Madison - St. Clair Record

Sunday, October 13, 2019

Varsity tennis coach at WIU alleges dismissal followed false claims of racism

State Court

By John Breslin | Oct 4, 2019

Western Illinois University

A varsity tennis coach claims he was dismissed from his position after it was clearly, publicly, and falsely implied he was a racist. 

Mirko Bjelica was removed from his position as Western Illinois University's head tennis coach just weeks after being cleared of dropping a player from the team based on her race and for using the n-word without context., according to a court filing.
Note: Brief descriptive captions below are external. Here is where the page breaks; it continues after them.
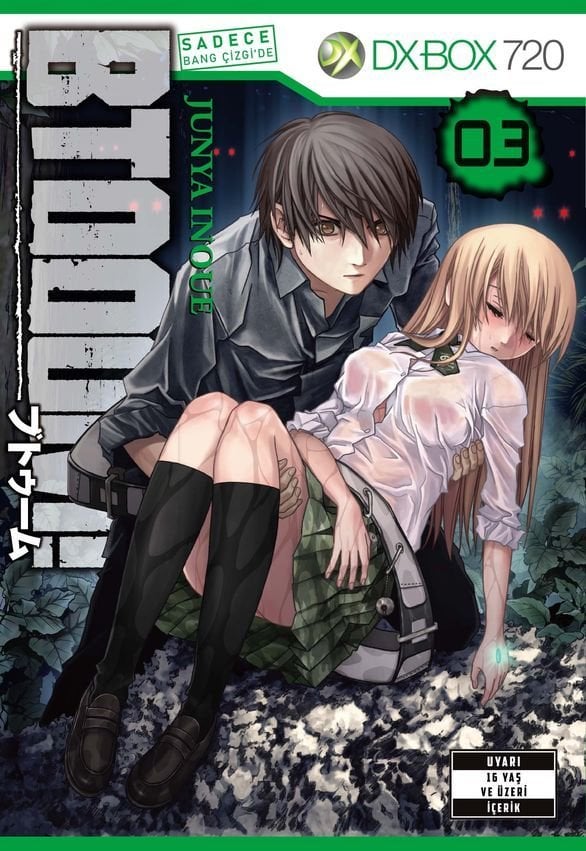 Btooom! 3. Cilt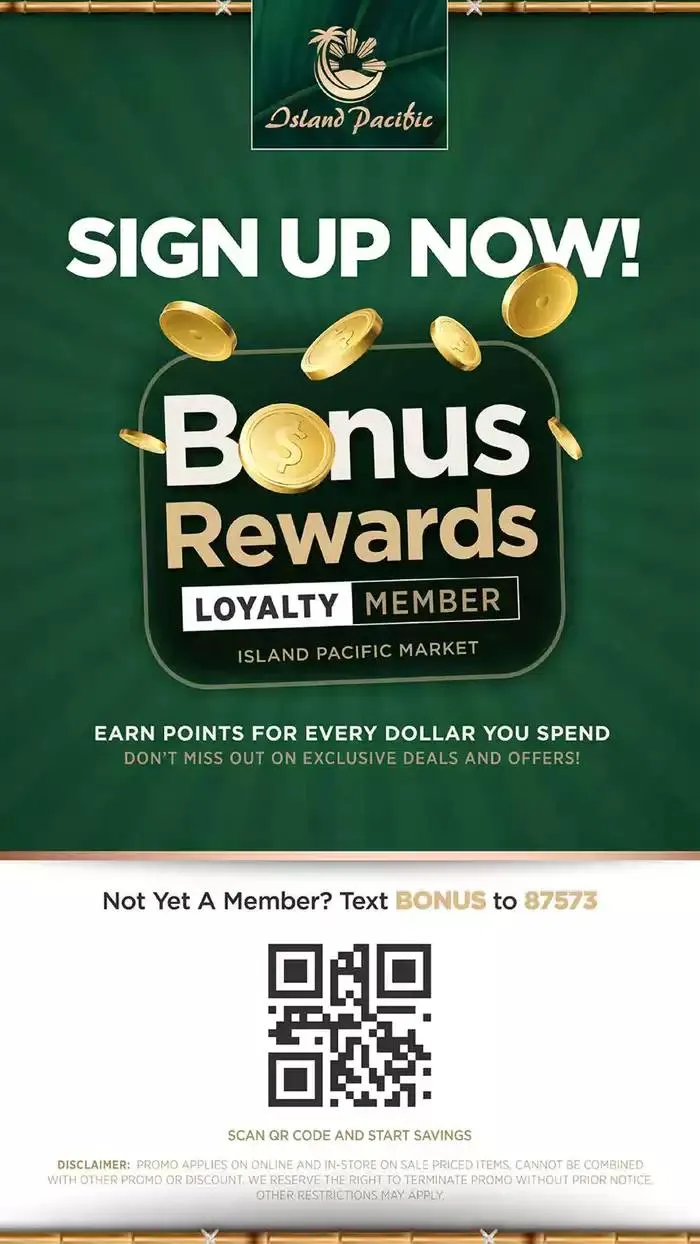 Weekly ad Island Pacific Market weekly ad from April 3 to April 9 2025 - Page 10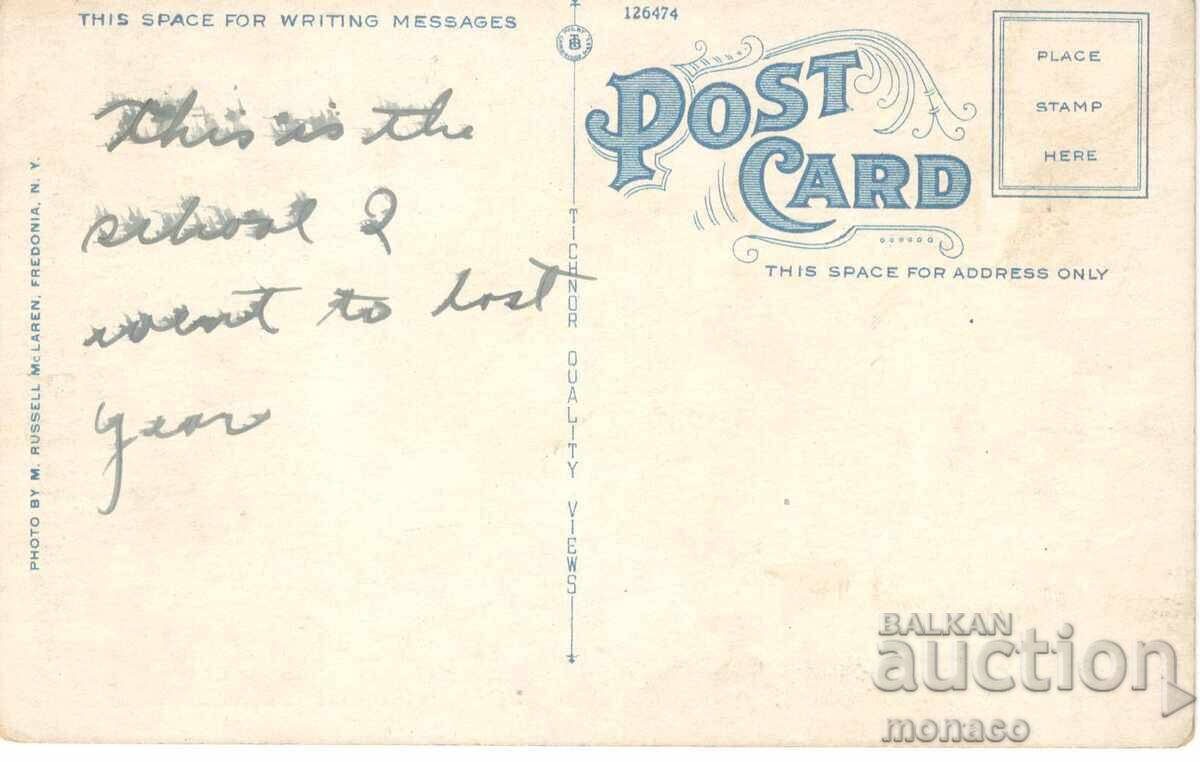 Παλιά καρτ ποστάλ - Φρέντονια, Κρατικό σχολείο με τιμή 1.90 BGN | € 0.97 Παλιά καρτ ποστάλ - Φρέντονια, Κρατικό σχολείο με τιμή 1.90 BGN | € 0.97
The allegations are contained in a suit filed in Madison County Circuit Court against the player's mother, Dr. Larissa Malone, a social studies assistant professor at Greenville University.

Mirko Bjelica, former WIU tennis coach |

Bjelica, of Macomb, removed as coach in May, accuses Malone of defamation, invasion of privacy, and breach of confidentiality after she made an official complaint against him and allegedly protested close to the college's tennis court, while holding a sign referring to the claimed use of the n-word.

Malone did not reply to messages from the Record requesting comment on the complaint,

Western Illinois University, when asked why Bjelica's contract was not renewed and whether it was linked to the controversy, passed on a letter that was originally sent to the tennis coach confirming he was no longer to report to work as of May 1. The university referred this publication to its legal counsel.

"We do not comment on personnel matters," Elizabeth Duvall, the college's general counsel, told the Record in an email.

In his complaint, Bjelica details, from his own point of view, the events that he claims ultimately led to his dismissal from his position. They began early in the first semester of the year and centered on the defendant's daughter, Natalie Malone.

The younger Malone was repeatedly told not to play songs with "inappropriate and offensive" lyrics on the tennis court, it is claimed.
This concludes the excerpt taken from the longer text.